No one knows, though many have opinions. Projections, such as they are, tend to agree that it will likely be the second half of 2017 that crude oil prices may begin the recovery that US acid sellers say will turn their acidulous market sweet. 

That is the level that most expect will help fuel a full-scale return to the glory days of 2013 and 2014 when demand was against the ceiling and prices broke through it.

At the dawn of the new year, the US HCl  market appears set for a 2017 that may include some slow upward price movement and a return of something closer to balance, if not the bounding demand and upward prices brought by frenzied drilling activity.

But most participants believe that the market will continue to loll with long supply weighing on prices as it has since sinking oil prices dragged drilling activity to a crawl. That brought a collapse of US HCl prices in early 2015 and the aftermath still ripples through the markets.

US HCl market participants are still watching oil prices and projections closely for signs of when life may return to their own market. The outlook remains rather grim.

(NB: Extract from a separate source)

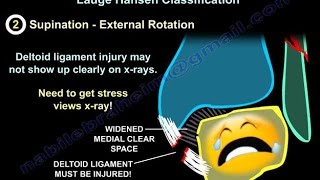 Treatment of Common Geriatric Fractures Spine and Pelvis [upl. by Ratib]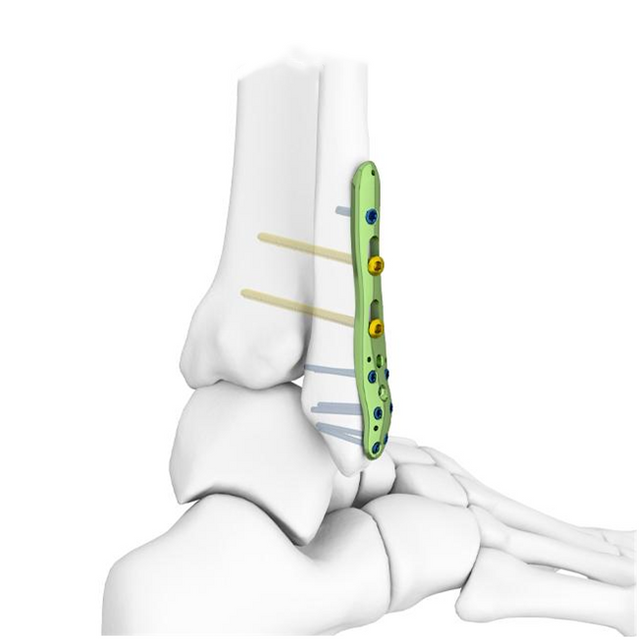 Plaque de verrouillage fibulaire distale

HCl, a mature industrial chemical that traded at a penny a pound, had found new life as it became a key ingredient in the hydraulic fracturing process, the pounding of underground shale layers to create fissures to release crude oil and natural gas from rock.

That new demand brought a raft of new plants and on-purpose manufacture of HCl, also a by-product of a number of chemical manufacturing processes.

New plants came online at the pace of about one every six months from 2013 through 2015 and two newly built plants are still trying to straighten out technical problems so that they can launch applications.

Prices ballooned to above $300/wet ton in early 2013, before settling back some as new plants came on line. By late 2014, during the peak drilling period with more than 1,900 drilling rigs working in US oil fields, prices pushed up above $220/wet ton.

Then oil prices collapsed and drillers exited the fields. Prices fell from an average of $230/wet ton to below $90. Today they are at $50/wet ton.

But that reflects a small increase producers and distributors were able to obtain in the market in October after almost two years of sliding prices.

Drilling activity has begun to pick up, up to 637 rigs by mid-December. Their number bottomed out in May at 404. Those numbers are down from a peak of 1,930 rigs in late 2015.